A doubly linked list combined with a hash map. The hash map provides O(1) access to any node; the doubly linked list maintains recency order. On get, the node is unlinked and moved to the head. On put, if the cache is full, the tail node is evicted.

How does LRU cache differ from LFU cache?

LRU evicts the least recently used item regardless of frequency. LFU evicts the item with the lowest access frequency. LRU is simpler and performs better for workloads with temporal locality. LFU better handles frequency-skewed workloads where some items are accessed far more often than others.

How do you make an LRU cache thread-safe?

Use a read-write lock or a segment lock. For high-concurrency, use a concurrent hash map with per-segment LRU lists.

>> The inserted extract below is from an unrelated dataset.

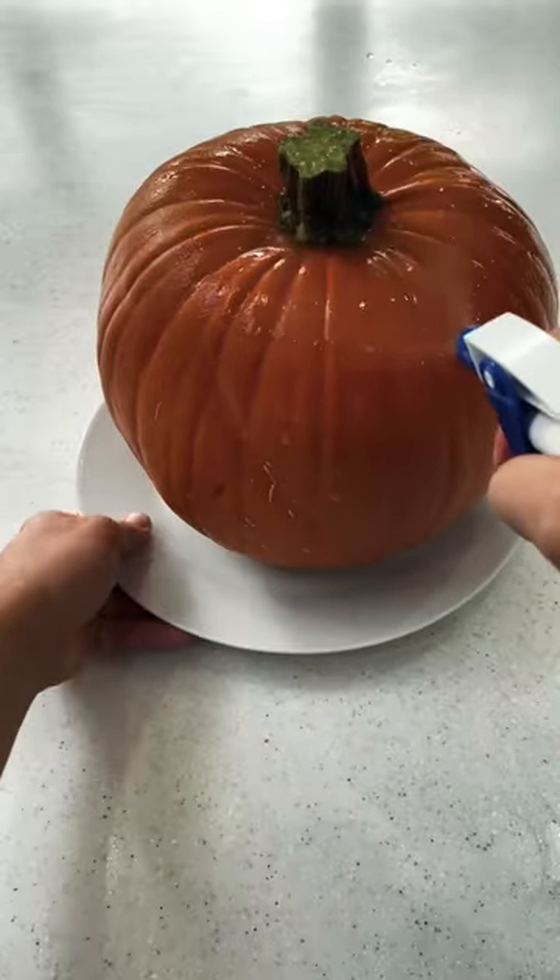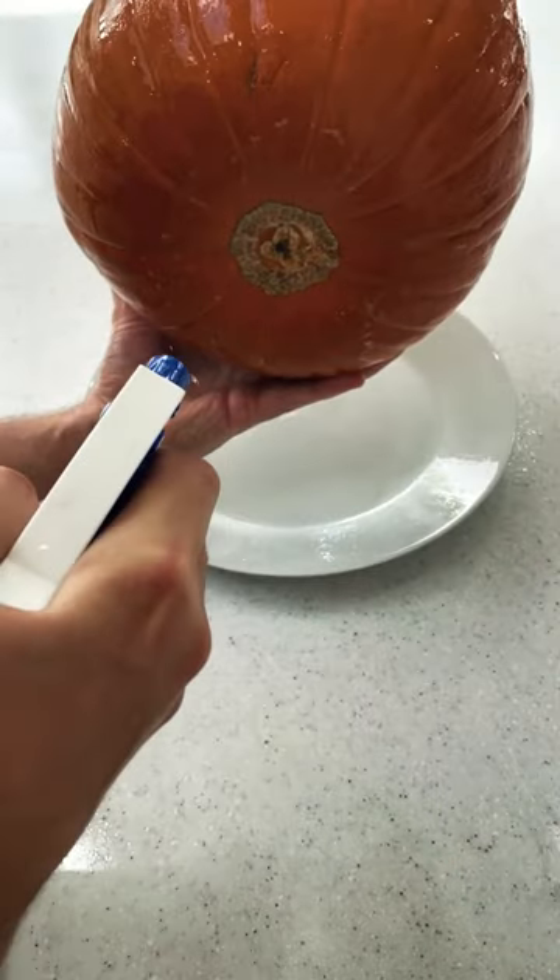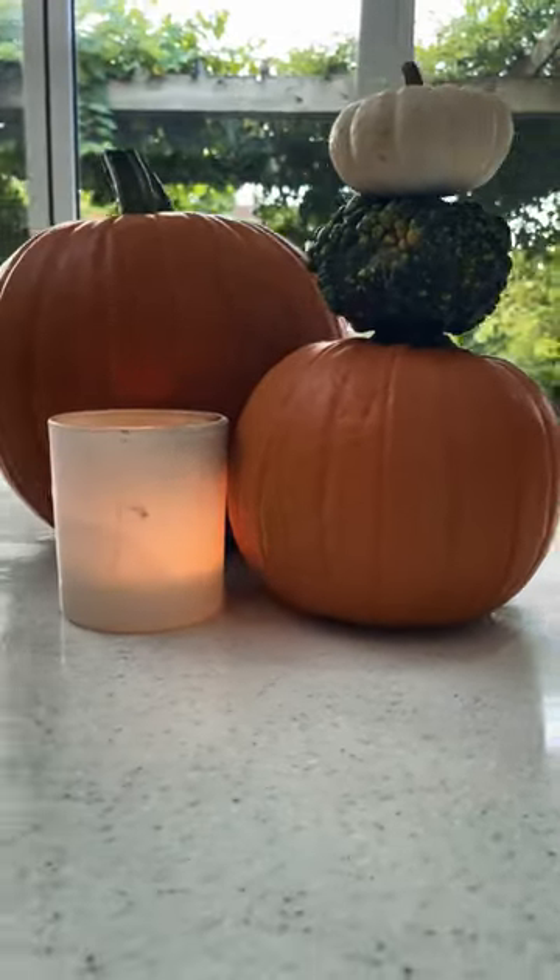After, cover your carved or uncarved pumpkin with the mixture. If it's carved, spray the inside and carved edges as well. This gets rid of mould, mildew and other unwanted stuff. This will keep your pumpkin looking fresh a little bit longer.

Java’s LinkedHashMap with synchronized access or ConcurrentLinkedHashMap (Caffeine) provides thread-safe LRU semantics.

What is a distributed LRU cache?

A distributed LRU cache shards key space across multiple nodes using consistent hashing. Each node maintains a local LRU list. On eviction, only the local shard evicts entries, so the global eviction policy is approximate. Redis and Memcached implement distributed LRU with maxmemory-policy settings.

What is LRU-K and when is it used?

LRU-K tracks the K-th most recent access time rather than the most recent access. This prevents a single scan from flushing frequently accessed items. PostgreSQL uses LRU-2 (clock with 2-bit reference counters) for its buffer pool to handle scan-resistant eviction.